Last winter, UMaine demonstrated progress, but clearly was still in the middle of a rebuild with numerous underclassmen playing significant roles.
Walsh has proven himself a taskmaster, forcing his players to dig deep and give more while expecting relentless effort can result in a dramatic upturn in success. No question, he’s tough.
Still, by all accounts the players like and respect Walsh. Most of them received considerable playing time under his hard-pressing, fast-tempo system.
Yet five players he and his staff recruited in the last two years have bolted.
There seemed to be two schools of thought for the departures — and I’m paraphrasing.
First, “if I’m good at UMaine, what’s to stop me from taking my game up a notch, especially if I can do so at a school that already has a winning tradition.”
The other was more personal. “I’m not a huge fan of Orono and our team is struggling, so maybe I can play somewhere else, preferably closer to home, and win more.”
The transfers started in March with Issac Vann, whose outstanding play as a freshman convinced him, and others around him, that he could compete at a higher level.

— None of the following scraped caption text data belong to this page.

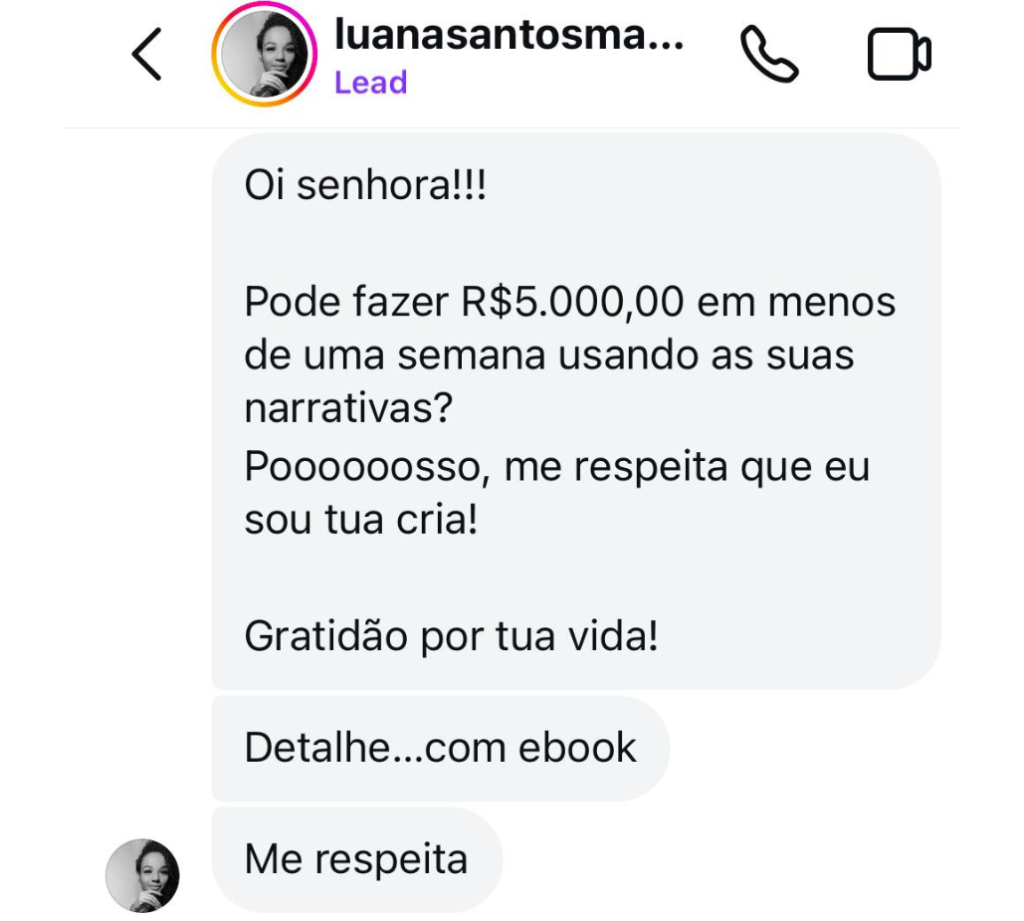 Design sem nome (17)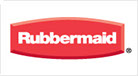 Rubbermaid logo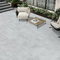 Керамогранит Ennface Touch Glacier (Прикосновение ледника) MATT+RELIEF ENLFT1060SR60120 60x120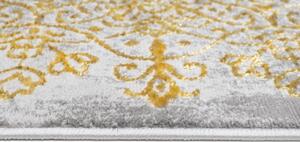 Luxusní kusový koberec Maddi Pal MP0010 - 80x200 cm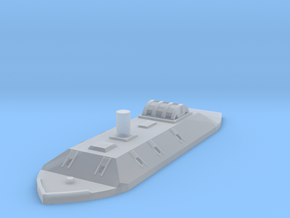 Digital-CSS Missouri in CSS Missouri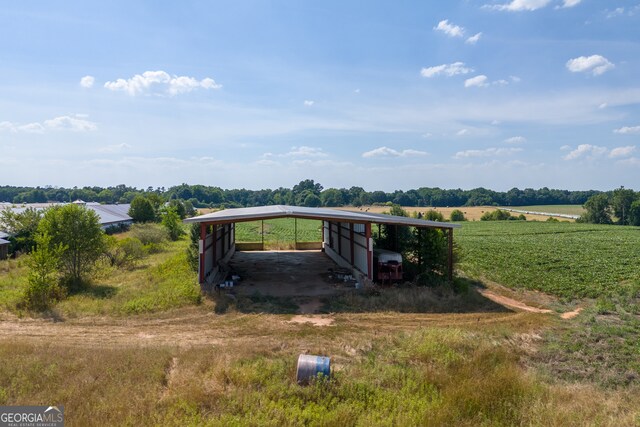 625 Donald Smith Rd, Hull, GA 30646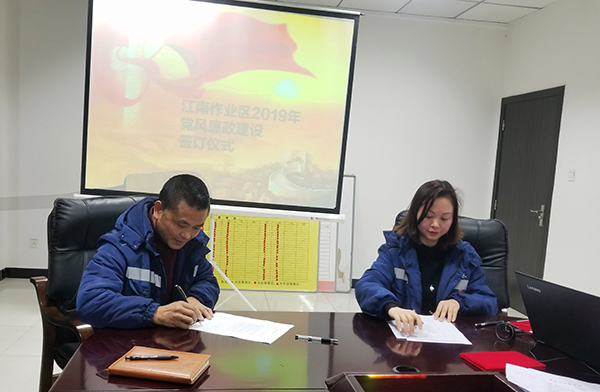 5c5256d6c3213.jpg QQ圖片20190131093558副本.jpg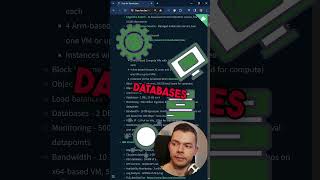 Free Resources for Developers 🤯 #developer #programmer #webdeveloper #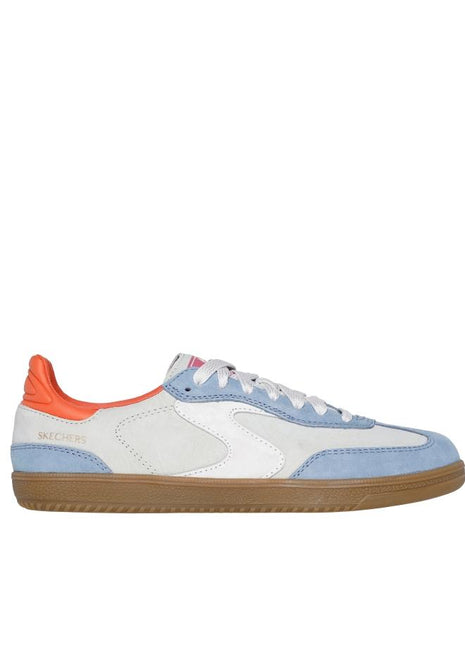 SKECHERS Baskets - Pronti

He wound up committing to Virginia Commonwealth of the Atlantic 10 Conference, evidence that perhaps he really is capable of bigger and better things.

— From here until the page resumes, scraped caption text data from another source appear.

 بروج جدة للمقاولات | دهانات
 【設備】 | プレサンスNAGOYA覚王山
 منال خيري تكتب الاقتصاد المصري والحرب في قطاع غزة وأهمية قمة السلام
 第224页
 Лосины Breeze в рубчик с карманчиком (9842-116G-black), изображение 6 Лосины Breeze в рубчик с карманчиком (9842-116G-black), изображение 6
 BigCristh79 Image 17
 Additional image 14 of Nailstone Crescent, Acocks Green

Unfortunately for Walsh, that instant upgrade might have got other Black Bears thinking about whether they could pursue playing somewhere with perhaps more allure than the America East Conference.
Next came freshman guard Levar Harewood, then sophomore guard Kevin Little and freshman forward Devine Eke. Freshman walk-on Walter King, who had left school in December, also made his departure permanent.

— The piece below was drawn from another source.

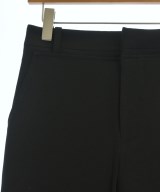 PROENZA SCHOULER（プロエンザ　スクーラー）その他 黒 サイズ:2(M位) レディース/2200670783403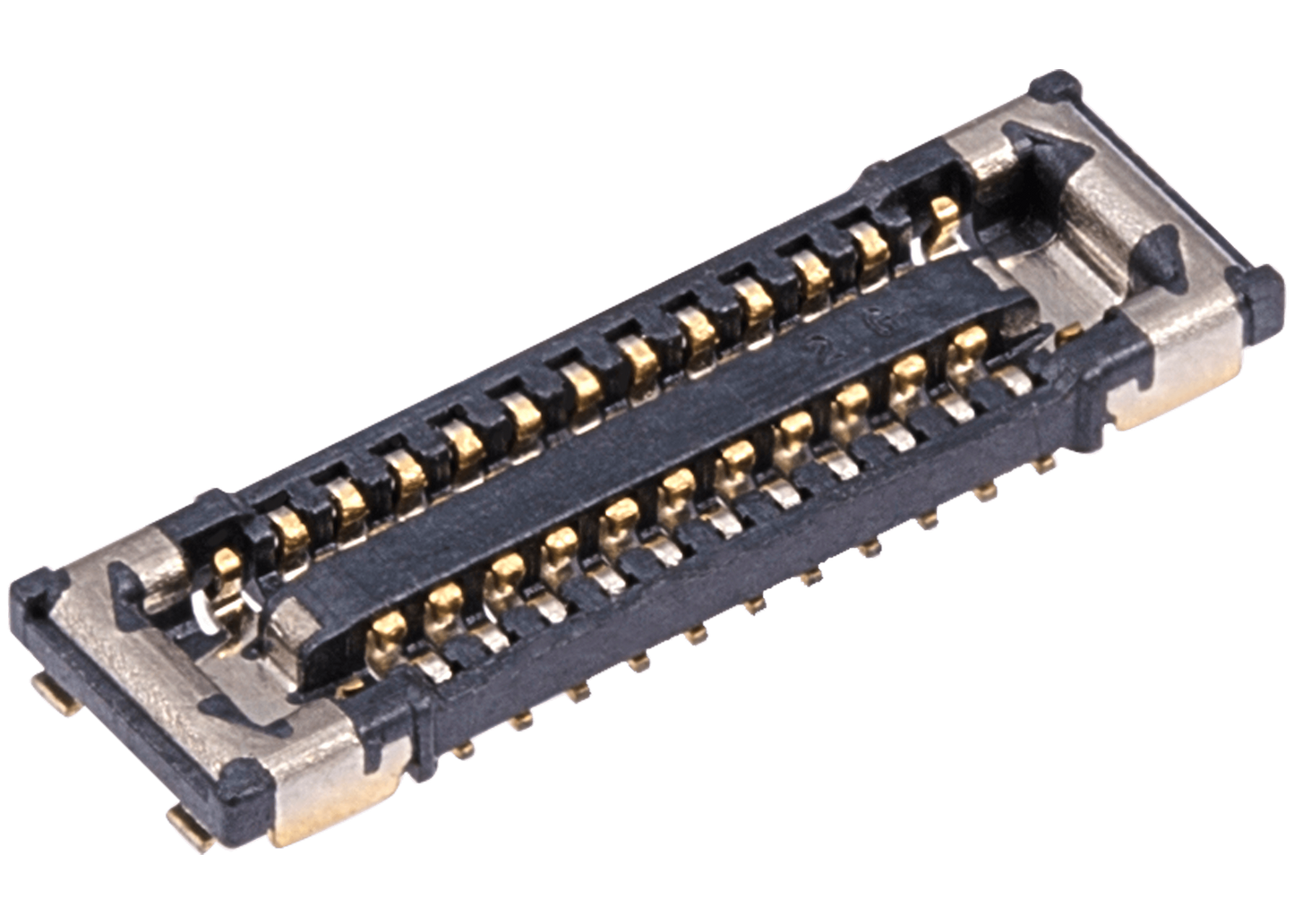 Telephoto Camera FPC Connector For iPhone 13 / 13 Mini (22 Pin)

The fact that Vann landed at an A-10 school is impressive. He demonstrated the ability to be a difference-maker at UMaine, although his impact at VCU may not be quite as great.
Little also pulled off quite a coup for a “gunner” who has never seen a shot that isn’t worth taking. The offensive-minded guard is headed west, where he will play at Colorado State.
I’m going to go out on a limb and say the Rams, who compete in the Mountain West Conference, aren’t going to give Little the kind of free rein he had at UMaine.
Nonetheless, it is a decidedly stiffer challenge for him at that level of Division I.
Eke, a skinny post player who showed some promise with his energy as a defender and rebounder, took what might be considered a more lateral step.
He is headed to Rider of the Metro Atlantic Athletic Conference, which went 13-20 last season. However, the New Jersey native will be only 35 miles from home playing for the Broncs.
Harewood, who showed some good flashes with the Black Bears but wound up as a solid backup guard, is taking a step “back” to eventually move forward. He is transferring to Cloud County Community College in Kansas for the next phase of his education/career.
King, whom Walsh indicated left UMaine to take care of a personal situation, has resurfaced with a Division II program, the New York Institute of Technology. It is located in his home state.
The unfortunate aspect of the whole transfer situation is, Walsh and his staff brought in some good recruits. But they wound up having them for only one or two seasons.
In particular, the moves of Vann and Little speak to the caliber of the players. Others like Eke and Harewood, and even King, are guys who need some seasoning before they’re going to have a significant impact at the Division I level.
With the NCAA’s transfer rules as liberal as they are, there are no guarantees about how long a player is going to stay at UMaine — or any school. Outstanding performance is likely to generate interest from above the mid-major level.
There is no way to stop that trend completely as egos often will trump the educational experience and relationships with teammates and coaches.
The best way for UMaine to nip transfers in the bud is to win and win often. Success cements the bonds of camaraderie and friendship.
This year’s defectors have disrupted that process for the Black Bears, but have also steeled the resolve of those who remain.
This story was corrected to reflect that the New York Institute of Technology sponsors a Division II basketball program.